He paid $27,000 for the car, less than the sticker price, but took out a $36,000 loan with an interest rate of 1.9% to cover the purchase price and unpaid debt on two vehicles he bought as a teenager. It was particularly burdensome when combined with his other debt, including credit cards, he said.

Just 18% of U.S. households had enough liquid assets to cover the cost of a new car, according to a Wall Street Journal analysis of 2016 data from the Fed's triennial Survey of Consumer Finances, a proportion that hasn't changed much in recent years.

Even a conservative car loan often won't do it. The median-income U.S. household with a four-year loan, 20% down and a payment under 10% of gross income—a standard budget—could afford a car worth $18,390, excluding taxes, according to an analysis by personal-finance website Bankrate.com.

But the size of the average auto loan has grown by about a third over the past decade to $32,119 for a new car, according to Experian. To keep payments manageable, the car industry has taken to adding more months to the end of the loan.

The average loan stretches for roughly 69 months, a record. Some last much longer. In the first half of the year, 1.5% of auto loans for new vehicles had terms of 85 months or longer, according to Experian. Five years ago, these eight- and nine-year loans were practically nonexistent.

As a result, a growing share of car buyers won't pay off the debt before they trade in their cars for new ones, either because the car is in need of repairs or because they want a newer model. A third of new-car buyers who trade in their cars roll debt from old vehicles into their new loans, according to car-shopping site Edmunds. That is up from about a quarter before the financial crisis.

Americans have been borrowing to buy their cars for decades, but auto debt has swelled since the financial crisis. U.S. consumers held a record $1.3 trillion of debt tied to their cars at the end of June, according to the Federal Reserve, up from about $740 billion a decade earlier.

As the global financial system flirted with disaster more than 10 years ago, two of the big three U.S. auto makers received government bailouts and restructured their debt in bankruptcy. The industry emerged into a battered economy when consumers hardly had the cash to go car shopping.

Yet for the auto industry, there was a silver lining: Interest rates had fallen to practically zero. Suddenly, it was much cheaper to finance a car. Loans made to buyers were snapped up by Wall Street investors looking for returns as income from supersafe Treasurys drifted toward zero.

The combination of rock-bottom rates and yield-hungry investors helped bring the U.S. auto industry back to life. By 2015, auto sales had reached records.
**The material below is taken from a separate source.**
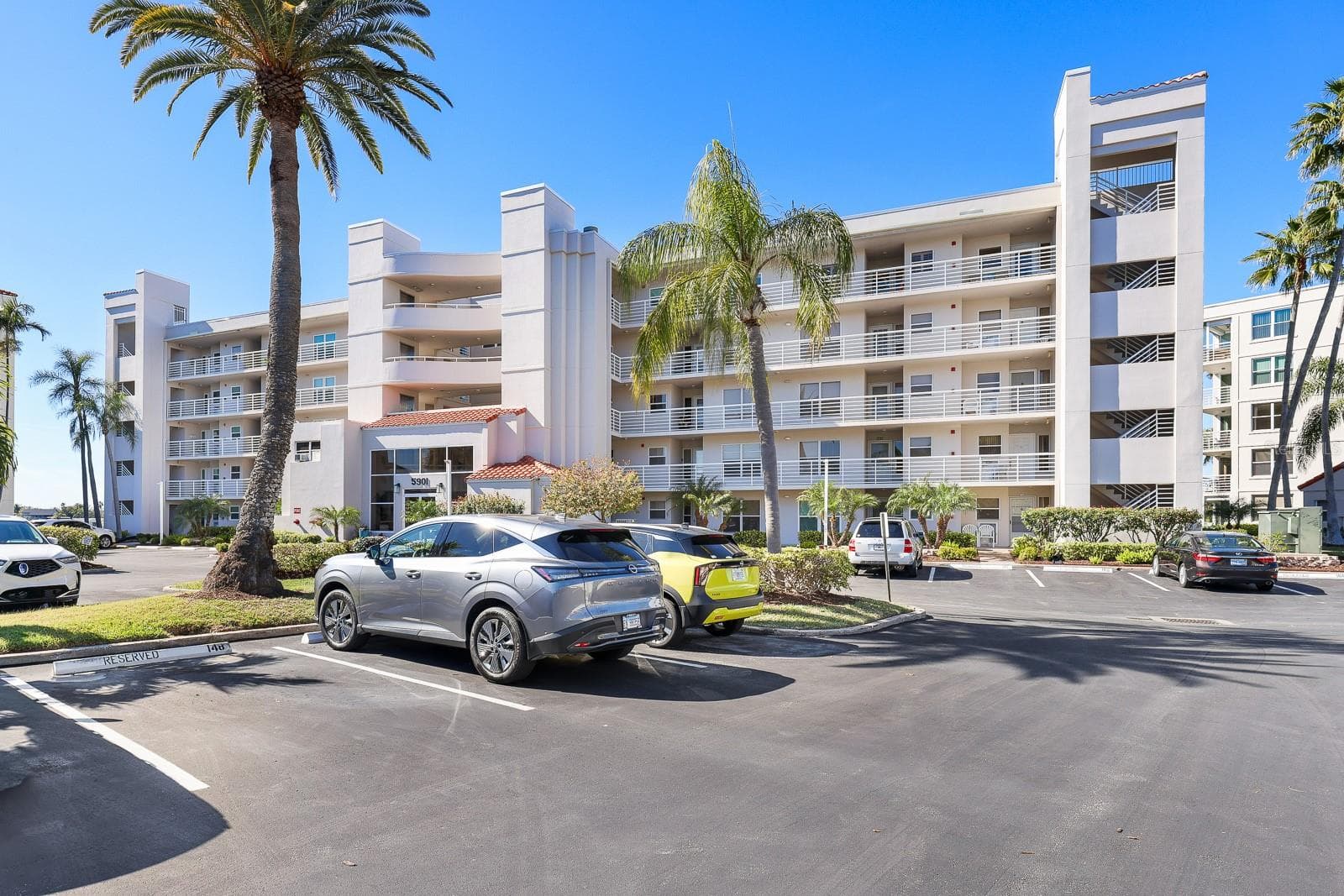 5901 Bahia Del Mar Cir #521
Low rates, in effect, served as a bailout for the entire auto industry. Last year, investors bought a record $107 billion of bonds backed by cars, according to the Securities Industry and Financial Markets Association, a trade group. That is the first issuance record since 2005 and nearly triple the amount two decades earlier. The outstanding pile of auto bonds swelled to a record $264 billion.

So far this year, dealerships made an average of $982 per new vehicle on finance and insurance versus $381 on the actual sale, according to J.D. Power, a data and analytics company. A decade earlier, financing brought in $516 per car and the sale made dealers $837.
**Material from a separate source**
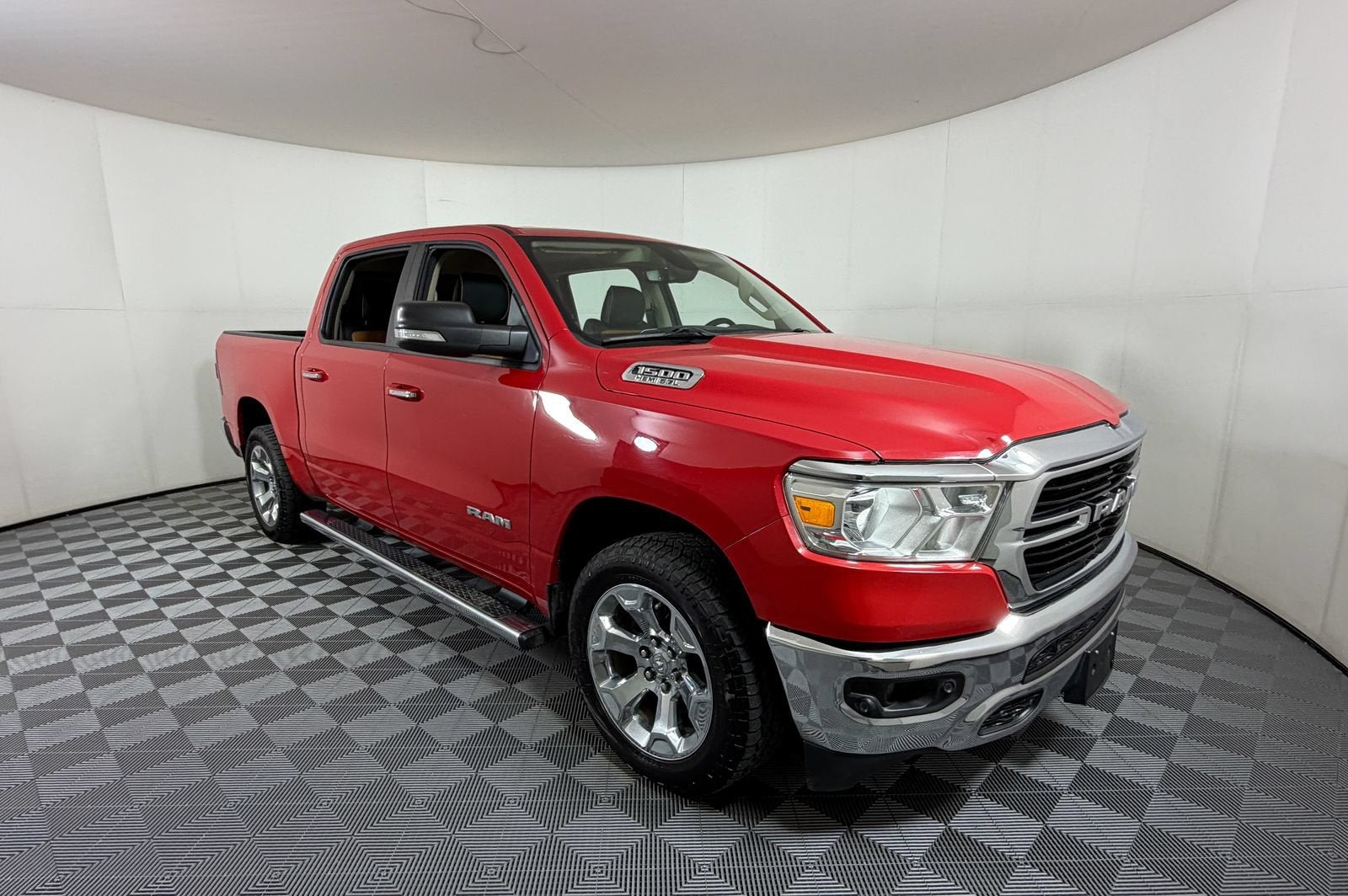 2020 RAM 1500 Big Horn Crew Cab 4x4 5'7" Box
To see these shifts up close, visit a dealership's finance office. Dealers call it "the box," a reference to the holding cell to which Paul Newman's character was sent in the 1967 movie "Cool Hand Luke." Since most buyers borrow to pay for their cars, it falls on the finance manager to figure out a manageable payment schedule.
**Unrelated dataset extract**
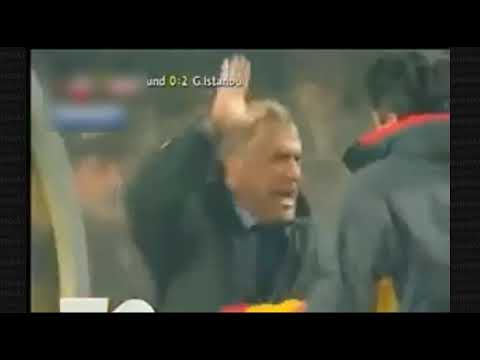 Fatih Terim  Müfit Erkasap'ı tokatlıyor.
The dealership commonly holds on to a portion of the interest rate, typically between 1 and 2 percentage points, or gets a one-time payment from the lender. The dealer also pitches high-margin add-on services, such as extended warranties and insurance for dings and dents, which are rolled into the loan.

When potential buyers enter Petrov Degand's office at Earl Stewart Toyota in North Palm Beach, Fla., he walks them through each add-on, presenting the full menu of options, he said. He has seen finance managers quote a price in which the add-ons are already bundled into the loan amount to increase the bottom line, a tactic known as "packing the payment."

Jose Mercado agreed to buy a series of add-ons, including an extended warranty, for his new RAV4 midway into his fifth hour at a Toyota dealership this spring. Mr. Mercado, 41, who lives in Blackwood, N.J., and works in a chocolate factory, had spent the previous six months reading reviews and figuring out how much he should pay for the car.

He found himself unprepared for the hard sell from the finance manager. The add-ons brought his payment to $448 a month, nearly $100 more than he had expected to pay when he walked in to buy his first new car in 18 years.

"I wish my research would have been deeper to be more ready," he said.

Finance managers at dealerships typically use an electronic portal to hash out the terms of the loans. On the other end are various financial institutions that buy up the loan pretty much as soon as the dealer closes the deal.

Banks and credit unions are big lenders, as are the finance arms of major car makers. Some of these lenders shunned riskier subprime borrowers after the financial crisis, fueling the growth of independent nonbank auto lenders.

Westlake Services LLC is among the biggest. Its owner, billionaire Don Hankey, started lending four decades ago when, as a dealer, he realized subprime buyers needed somewhere to get their financing. Westlake is still focused on these borrowers, but it has pursued more creditworthy customers as it has grown in recent years.

Much like a dealership, the company is obsessed with results. An automated system sends emails to employees with an image of a winking robot when they are late to work, unproductive or exceed expectations. Workers get monthly bonuses based on how they stack up against their goals. Screens around the office display auto loan applications as they come in.

Westlake needs to make sure the monthly payments on its auto loans keep flowing. Late borrowers can expect calls from the company immediately. Roughly 40% of its employees focus exclusively on collecting.

In mid-April, a representative who handles the most-difficult cases called a past-due borrower to iron out payment on a 2018 Toyota RAV4. The borrower had struggled to keep up with a payment of more than $800. The car already had been repossessed from the borrower once.

The Westlake representative switched between English and Spanish. He offered an extension on the March payment, meaning it wouldn't be due until the end of the loan in 2024. But he collected nearly $600 on a partial payment for April over the phone. Borrowers are less likely to resume payments if they stop altogether.

After hanging up, the representative rang a bell at his desk. "35K," he called out, referring to the balance of the loan that was no longer considered seriously delinquent. "It took a while but I got 'em."

Across the industry, delinquencies have trended higher in the past few years, but they haven't surged like mortgage delinquencies did during the financial crisis. Investors have been largely content to buy lenders' auto bonds as they search for returns in a low-rate world. Losses are significantly higher when loan terms lengthen, according to S&P Global Ratings.

Mr. Jones, in Missouri, got his loan from Honda's financing arm, which pools a large portion of its loans into bonds that it sells to investors. A $1.25 billion sale from late 2017 contained more than 7,000 loans tied to 2017 Accords like the one Mr. Jones owns, according to loan-level data.

The investors who hold Mr. Jones's loan are still getting paid because he has remained current. Mr. Jones took on more overtime shifts at the plastic factory where he works as a machine operator. A raise and a bonus helped get him to stable ground. Still, he will be making payments for years to come.

Mr. Jones said he doesn't plan to take out another auto loan soon. "Even just signing the paper, not even driving the car off the lot, suddenly I'm underwater," he said.